**This article has 2 parts:**

1. Theory behind conditional probability

2. Example with python

# Part 1: Theory and formula behind conditional probability

For once, wikipedia has an approachable definition,

In probability theory,

conditional probabilityis a measure of the probability of an event occurring given that another event has (by assumption, presumption, assertion or evidence) occurred.

**Translation:** given B is true, what is the probability that A is also true.

It’s easier to understand something with concrete examples. Below are a few random examples of conditional probabilities we could calculate.

**Examples:**

- What’s the probability of someone sleeping less than 8 hours if they’re a college student.
- What’s the probability of a dog living longer than 15 years if they’re a border collie.
- What’s the probability of using all your vacation days if you work for the government.

## Formula:

The formula for conditional probability is `P(A|B) = P(A ∩ B) / P(B)`

.

**The parts:**

P(A|B) = probability of A occurring, given B occurs

P(A ∩ B) = probability of both A and B occurring

P(B) = probability of B occurring

`|`

means “given”. Meaning “in cases where something else occurs”.

`∩`

means intersection which you can think of as `and`

, or the overlap in the context of a Venn diagram.

But why do we divide `P(A ∩ B)`

by `P(B)`

in the formula?

Because we want to exclude the probability of non-B cases. We’re scoping our probability to that falling within `B`

.

Dividing by`P(B)`

removes the probability of anything not `B`

. `C — B`

above.

# Part 2: Example with python

We’re going to calculate the probability a student gets an A (80%+) in math, given they miss 10 or more classes.

Download the dataset from kaggle and inspect the data.

import pandas as pd

df = pd.read_csv('student-alcohol-consumption/student-mat.csv')

df.head(3)

And check the number of records.

len(df)

#=> 395

We’re only concerned with the columns, `absences`

(number of absences), and `G3`

(final grade from 0 to 20).

Let’s create a couple new boolean columns based on these columns to make our lives easier.

Add a boolean column called `grade_A`

noting if a student achieved 80% or higher as a final score.
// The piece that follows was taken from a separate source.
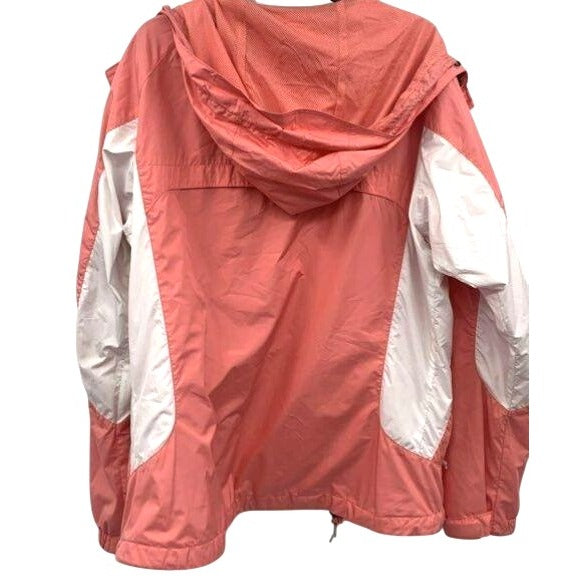 Columbia Women's Coral & White Hooded Lightweight Jacket Size L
Original values are on a 0–20 scale so we multiply by 5.

df['grade_A'] = np.where(df['G3']*5 >= 80, 1, 0)

Make another boolean column called `high_absenses`

with a value of 1 if a student missed 10 or more classes.

df['high_absenses'] = np.where(df['absences'] >= 10, 1, 0)

Add one more column to make building a pivot table easier.

df['count'] = 1

And drop all columns we don’t care about.

df = df[['grade_A','high_absenses','count']]

df.head()

Nice. Now we’ll create a pivot table from this.

pd.pivot_table(

df,

values='count',

index=['grade_A'],

columns=['high_absenses'],

aggfunc=np.size,

fill_value=0

)

We now have all the data we need to do our calculation. Let’s start by calculating each individual part in the formula.

**In our case:**`P(A)`

is the probability of a grade of 80% or greater.`P(B)`

is the probability of missing 10 or more classes.`P(A|B)`

is the probability of a 80%+ grade, given missing 10 or more classes.

**Calculations of parts:**

P(A) = (35 + 5) / (35 + 5 + 277 + 78) = 0.10126582278481013

P(B) = (78 + 5) / (35 + 5 + 277 + 78) = 0.21012658227848102

P(A ∩ B) = 5 / (35 + 5 + 277 + 78) = 0.012658227848101266

And per the formula, `P(A|B) = P(A ∩ B) / P(B)`

, put it together.

P(A|B) = 0.012658227848101266/ 0.21012658227848102= 0.06

There we have it. The probability of getting at least an 80% final grade, given missing 10 or more classes is 6%.